A government spokesman has cited majority support throughout Scotland for the Gaelic Language. Pledging the support of the Scottish Government to the long term growth of Scots Gaelic, John Swinney, Deputy First Minister and Cabinet Secretary with responsibility for the Gaelic language, delivered a ringing endorsement of the Celtic Tongue of Scotland in a speech in Stornoway (Steòrnabhagh) on the Isle of Lewis in Scotland’s Gaelic speaking heartland.
Swinney delivered his remarks on Scots Gaelic while giving the Angus Macleod Memorial Lecture at the Royal National in Stornoway on October 19th. The Royal National Mòd is organized by An Comunn Gàidhealach (The Highland Association) and is world renowned as Scotland’s premier Gaelic festival. The Royal National Mòd affords opportunities for people of all ages to perform across a range of competitive disciplines including Gaelic music and song, highland dancing, instrumental, drama, sport and literature.
These were Swinney’s inaugural remarks on the subject of the future of Gaelic since being named to his post by First Minister of Scotland and Leader of the Scottish National Party, Nicola Sturgeon.
In confirming the Scottish Government’s continued support for Gaelic, Swinney was quoted in multiple media outlets: “As a long-serving minister in the Scottish Government, but one who has only recently assumed responsibility for the Gaelic language, I want to make clear to you my determination to work with all who have an interest in nurturing the language, with the structures and gains we have made, to pursue the aim of increasing the numbers learning, speaking and using Gaelic.

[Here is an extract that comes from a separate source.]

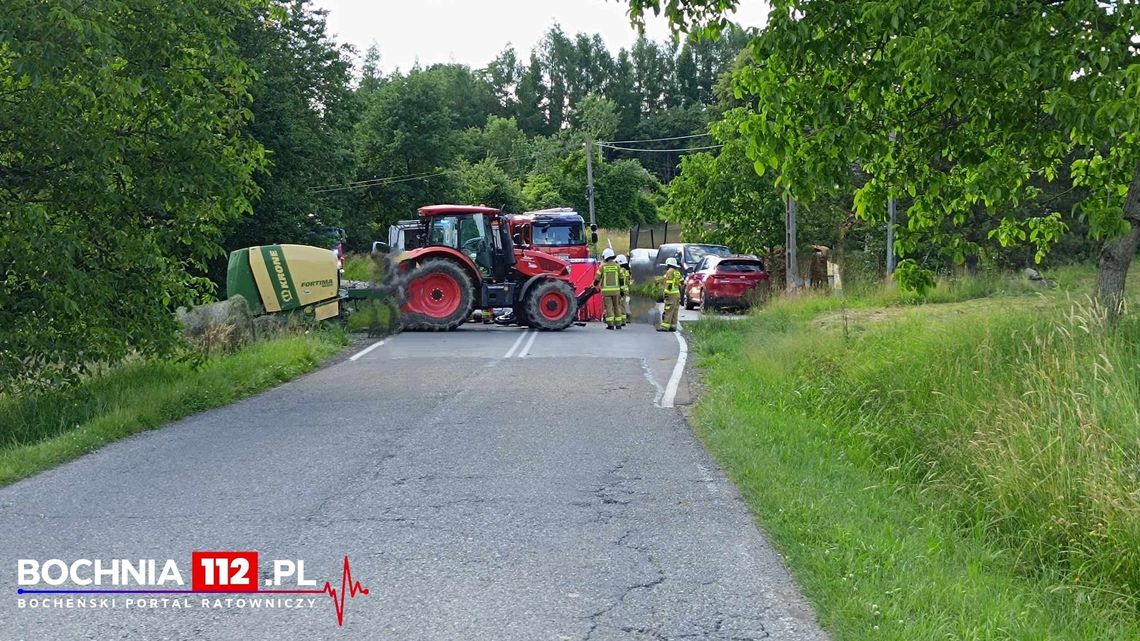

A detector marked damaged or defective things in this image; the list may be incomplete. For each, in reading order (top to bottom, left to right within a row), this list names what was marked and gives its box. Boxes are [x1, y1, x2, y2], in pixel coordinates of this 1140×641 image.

patched asphalt [0, 317, 825, 634]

That is the Government's clear aim and priority and we must use all the gains of the last decades to make further progress with this aim. The reason for this commitment is quite simple. Gaelic belongs in Scotland. It has been spoken in this country for well over 1000 years and I believe this places a duty and a responsibility on us as custodians of this heritage.”
Taking aim at the enemies of Gaelic and calling for an end to hostility towards the Celtic Tongue, Swinney continued: “These views on Gaelic are just as groundless and unwelcome as they are inaccurate and misleading. They betray a poor understanding of our country, its history and the respect we should show to minority communities. My very clear view on this is that this hostility to Gaelic has no place in Scotland. So let me set the record straight. Gaelic is a language of daily use. The support for Gaelic is a good use of public funds.”
The Deputy First Minister pledged the cooperation with the future efforts of the Bòrd na Gàidhlig (The Gaelic Language Board) when the Bòrd rolls out its new development plan later this year. Swinney indicated that he will work with the Bòrd to ensure the plan contained the priorities necessary to make further progress with Gaelic in Scotland.